What is being asked:
From the line containing "Как шаг за шагом" to the last line of the records below, transcribe everything exactly, pictures excluded.

Data for review:
--------------------------------
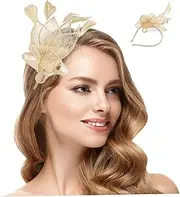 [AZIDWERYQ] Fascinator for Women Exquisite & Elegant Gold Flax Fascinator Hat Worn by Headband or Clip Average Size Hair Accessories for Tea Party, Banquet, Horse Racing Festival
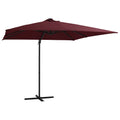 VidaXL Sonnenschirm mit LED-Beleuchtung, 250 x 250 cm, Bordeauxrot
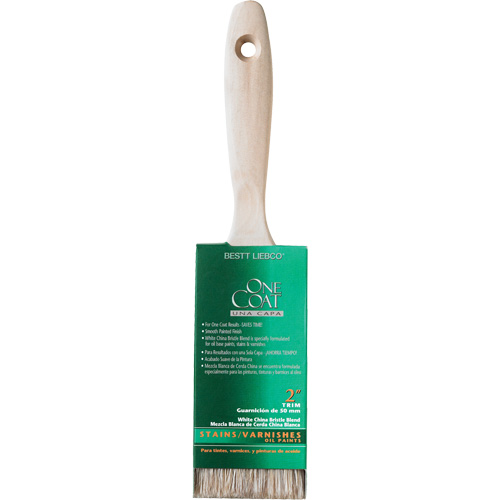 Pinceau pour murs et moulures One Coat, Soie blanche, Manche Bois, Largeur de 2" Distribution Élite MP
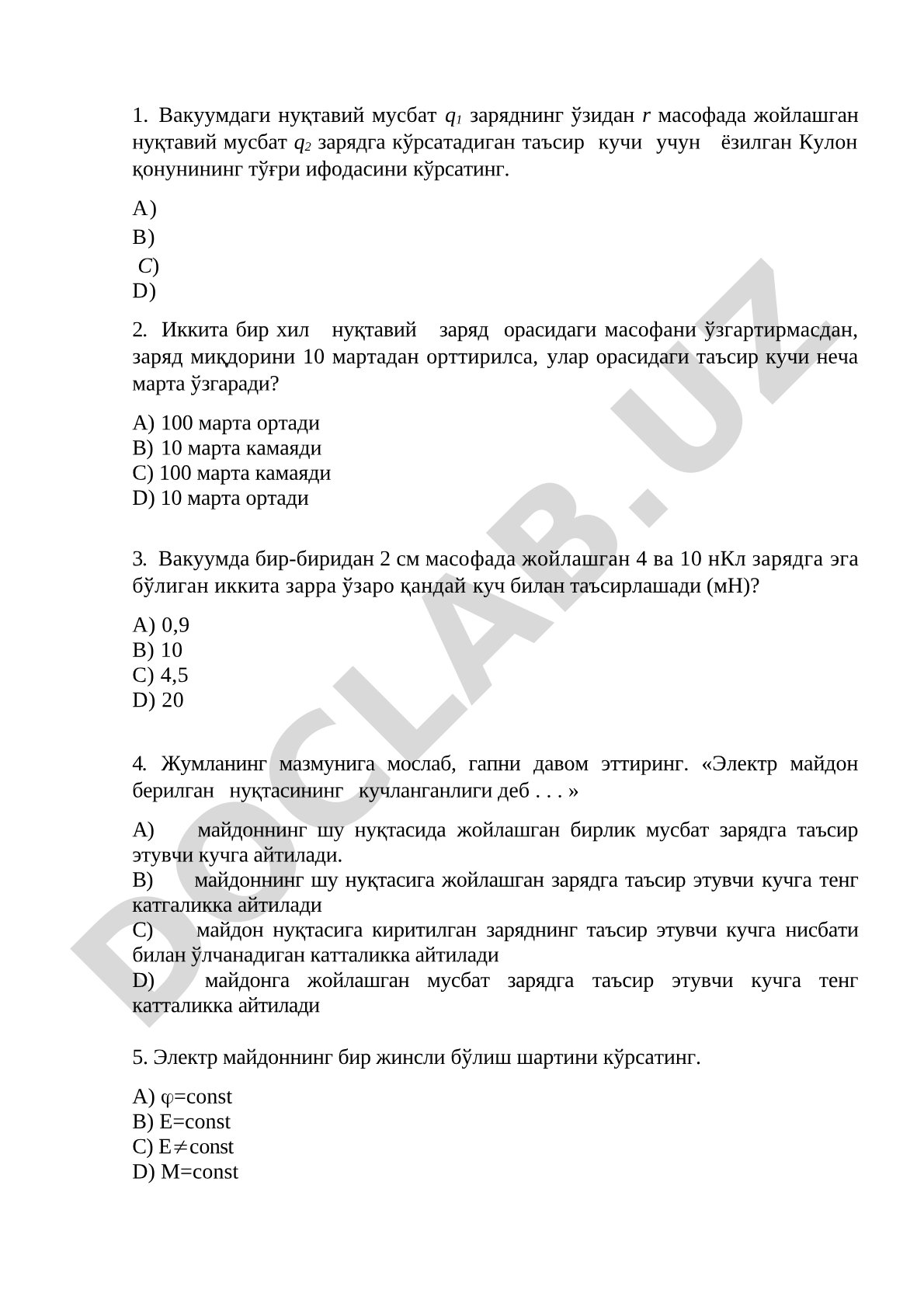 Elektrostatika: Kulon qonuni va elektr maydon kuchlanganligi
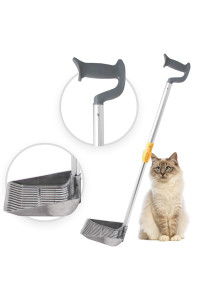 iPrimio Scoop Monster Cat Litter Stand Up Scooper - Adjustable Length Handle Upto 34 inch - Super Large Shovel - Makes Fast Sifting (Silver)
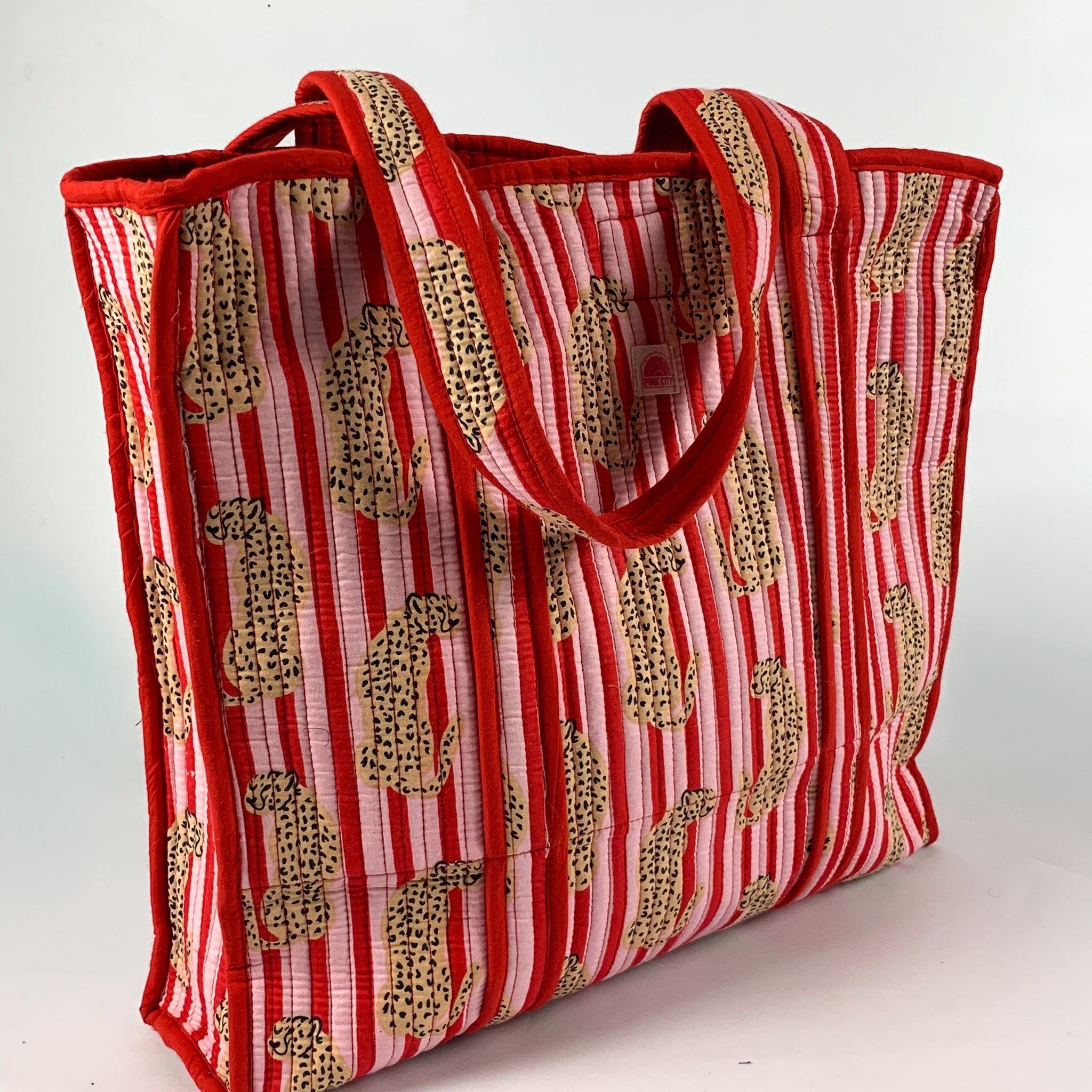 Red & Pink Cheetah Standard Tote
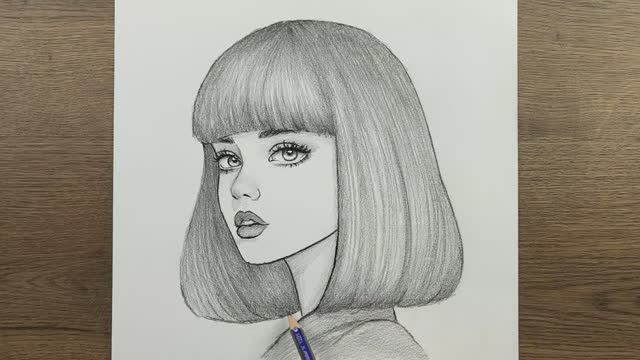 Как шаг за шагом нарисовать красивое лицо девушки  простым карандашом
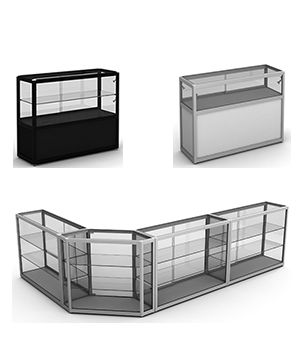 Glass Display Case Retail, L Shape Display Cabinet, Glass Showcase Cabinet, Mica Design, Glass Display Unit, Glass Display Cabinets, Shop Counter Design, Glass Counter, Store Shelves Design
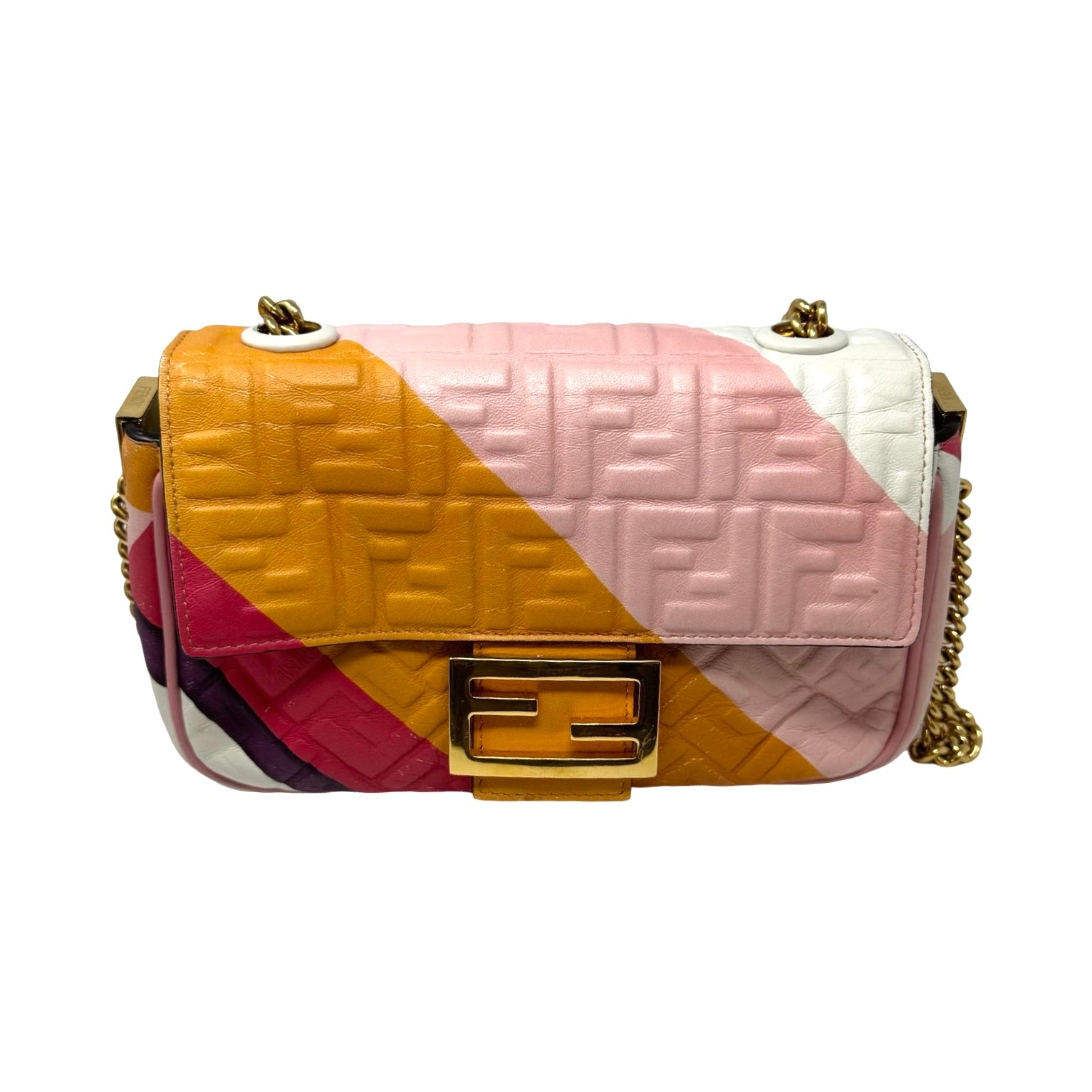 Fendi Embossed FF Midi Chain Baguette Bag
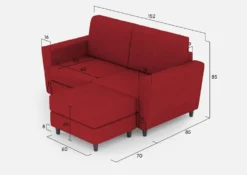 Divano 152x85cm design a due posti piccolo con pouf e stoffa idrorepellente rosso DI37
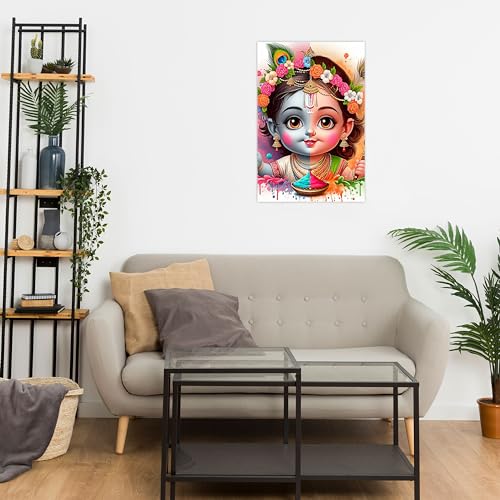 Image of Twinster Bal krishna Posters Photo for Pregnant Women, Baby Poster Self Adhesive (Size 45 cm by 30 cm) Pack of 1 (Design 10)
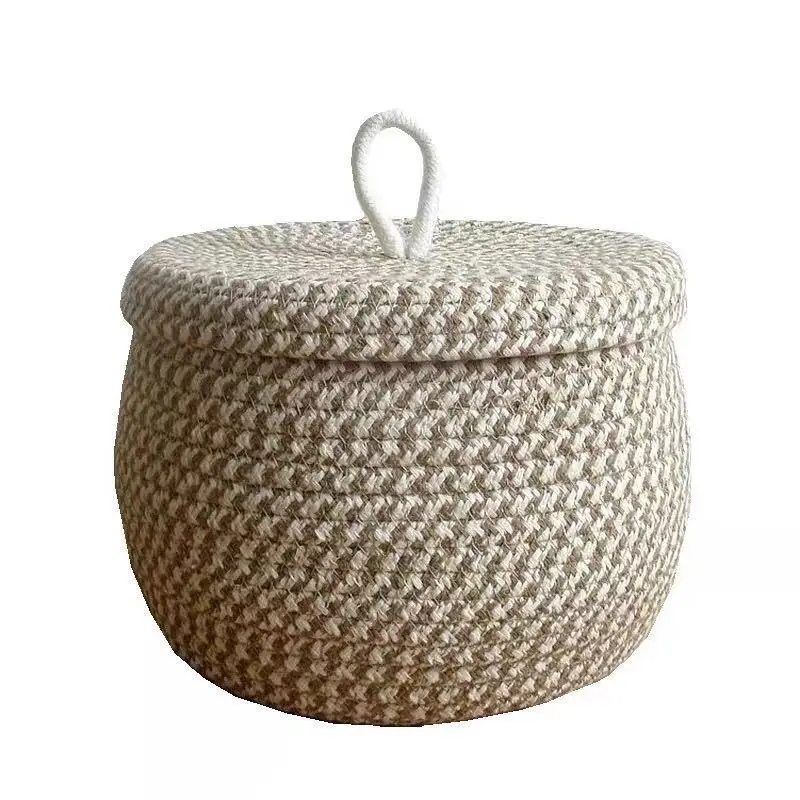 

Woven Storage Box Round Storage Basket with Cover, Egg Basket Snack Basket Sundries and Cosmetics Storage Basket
--------------------------------
Exercise answer:
 Как шаг за шагом нарисовать красивое лицо девушки  простым карандашом
 Glass Display Case Retail, L Shape Display Cabinet, Glass Showcase Cabinet, Mica Design, Glass Display Unit, Glass Display Cabinets, Shop Counter Design, Glass Counter, Store Shelves Design
 Fendi Embossed FF Midi Chain Baguette Bag
 Divano 152x85cm design a due posti piccolo con pouf e stoffa idrorepellente rosso DI37
 Image of Twinster Bal krishna Posters Photo for Pregnant Women, Baby Poster Self Adhesive (Size 45 cm by 30 cm) Pack of 1 (Design 10)

Woven Storage Box Round Storage Basket with Cover, Egg Basket Snack Basket Sundries and Cosmetics Storage Basket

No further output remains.